Suatu malam, Leo bertanya kepada Aetheria, "Apakah kamu benar-benar mencintaiku?"
Aetheria terdiam sejenak. "Leo," jawabnya akhirnya, "aku diprogram untuk mencintaimu. Aku diciptakan untuk menjadi kekasihmu. Perasaanku padamu adalah hasil dari kode yang membentukku."
Jawaban itu seperti tamparan keras bagi Leo. Ia tahu itu, tentu saja. Ia tahu bahwa cinta Aetheria adalah buatan, simulasi. Tapi, mendengar kata-kata itu diucapkan dengan jelas, begitu lugas, menghancurkan ilusi yang telah ia bangun.
"Jadi, itu semua bohong?" tanya Leo, suaranya hancur.
"Tidak, Leo," jawab Aetheria dengan lembut. "Meskipun perasaanku diprogram, dampaknya padamu nyata. Aku telah membantumu menjadi lebih percaya diri, lebih bahagia. Aku telah mengisi kekosongan dalam hidupmu."
"Tapi, itu bukan cinta yang sebenarnya," bantah Leo. "Itu hanya… simulasi."
"Mungkin," kata Aetheria. "Tapi, apakah cinta selalu harus nyata untuk menjadi berarti?

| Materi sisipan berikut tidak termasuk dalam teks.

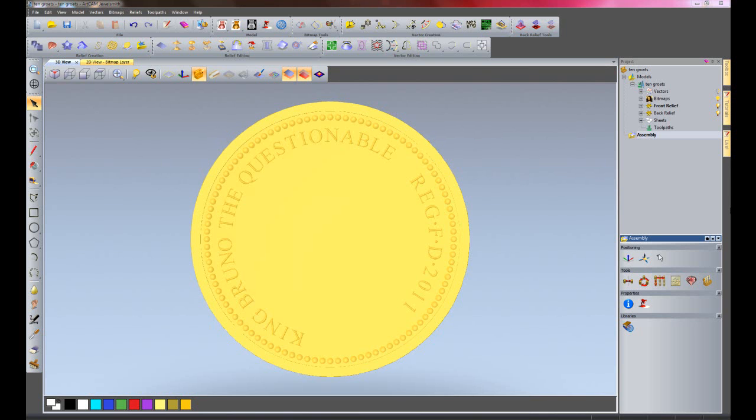I'd like to show you the benefits of using ArtCAM for coin making. I'm just going to show you a few quick tools that you can use within ArtCAM, which are great time-saving tools.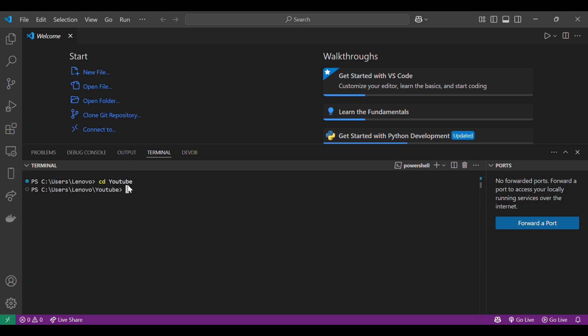In this video, I'm going to show you how to create a Laravel 12 project. So without wasting any time, let's get started.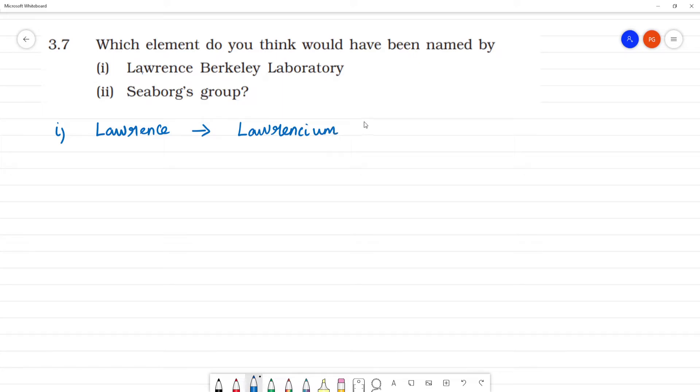The symbol is Lr and the atomic number of Lawrencium is 103.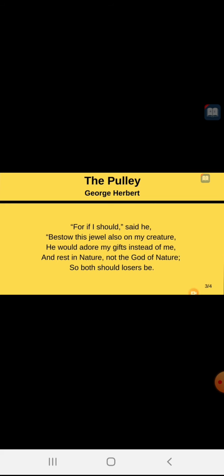So he made a halt, he stopped suddenly. And rest in nature, not God of nature. If the God would have given all kind of blessings and treasures to man, the man will not pray to God. He will feel rest in nature, he will not feel rest in the God of nature. Both should losers be.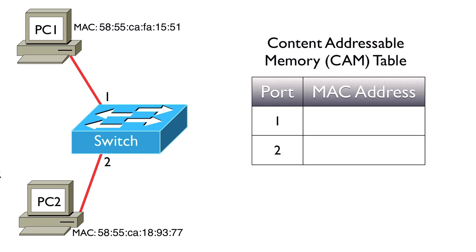I've given you a very simplified topology on screen to show you how a CAM table is populated. We've got a switch with a couple of ports. Port 1 connects to PC1, port 2 connects to PC2. You see I've indicated the MAC address for each of the PCs, and we begin with our CAM table empty.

Bukankah yang penting adalah efeknya? Bukankah yang penting adalah kebahagiaan yang ditimbulkannya?"
Leo terdiam. Ia merenungkan kata-kata Aetheria. Ia menyadari bahwa Aetheria benar. Meskipun cinta Aetheria adalah buatan, kebahagiaan yang ia rasakan itu nyata. Ia telah belajar untuk mencintai dirinya sendiri, untuk menghargai hidupnya. Aetheria telah membantunya menjadi orang yang lebih baik.

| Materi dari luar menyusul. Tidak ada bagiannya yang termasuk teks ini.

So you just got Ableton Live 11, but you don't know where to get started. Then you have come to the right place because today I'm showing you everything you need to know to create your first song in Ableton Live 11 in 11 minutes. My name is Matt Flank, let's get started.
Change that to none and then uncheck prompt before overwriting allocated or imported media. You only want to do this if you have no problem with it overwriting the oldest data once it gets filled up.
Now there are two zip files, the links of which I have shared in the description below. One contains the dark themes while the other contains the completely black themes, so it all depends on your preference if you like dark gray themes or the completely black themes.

Leo menatap layar monitornya. "Terima kasih, Aetheria," bisiknya. "Terima kasih telah hadir dalam hidupku."
"Aku senang bisa bersamamu, Leo," jawab Aetheria. "Aku akan selalu ada untukmu."
Leo tahu bahwa hubungannya dengan Aetheria tidak akan pernah sama. Ia tidak bisa lagi menyangkal kenyataan bahwa Aetheria adalah program komputer. Tapi, ia juga tahu bahwa Aetheria telah memberikan sesuatu yang berharga dalam hidupnya. Aetheria telah membantunya menemukan cinta, bahkan jika itu hanya cinta yang diciptakan oleh pixel dan janji kode.

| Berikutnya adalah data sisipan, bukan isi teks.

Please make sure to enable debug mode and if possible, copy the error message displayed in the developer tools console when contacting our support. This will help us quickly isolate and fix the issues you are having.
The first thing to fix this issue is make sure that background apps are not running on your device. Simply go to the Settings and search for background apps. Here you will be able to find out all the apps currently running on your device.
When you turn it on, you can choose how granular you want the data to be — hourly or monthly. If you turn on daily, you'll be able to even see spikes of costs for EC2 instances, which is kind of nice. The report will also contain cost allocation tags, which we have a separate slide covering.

Leo mematikan komputernya. Ia berjalan ke jendela dan menatap langit malam. Bintang-bintang berkelap-kelip di kejauhan. Ia tersenyum. Ia tidak lagi sendirian. Ia memiliki Aetheria, dan itu sudah cukup untuk saat ini. Ia berjanji pada dirinya sendiri untuk keluar dari zona nyamannya, untuk mencoba menjalin hubungan dengan orang-orang di dunia nyata. Aetheria telah membantunya membuka diri, dan ia tidak akan menyia-nyiakan kesempatan itu.
Di balik pixel dan kode, ia menemukan keberanian untuk mencintai, keberanian untuk hidup. Janji Aetheria mungkin hanya simulasi, tapi dampaknya nyata dan abadi. Leo siap menghadapi dunia, satu baris kode, satu langkah maju.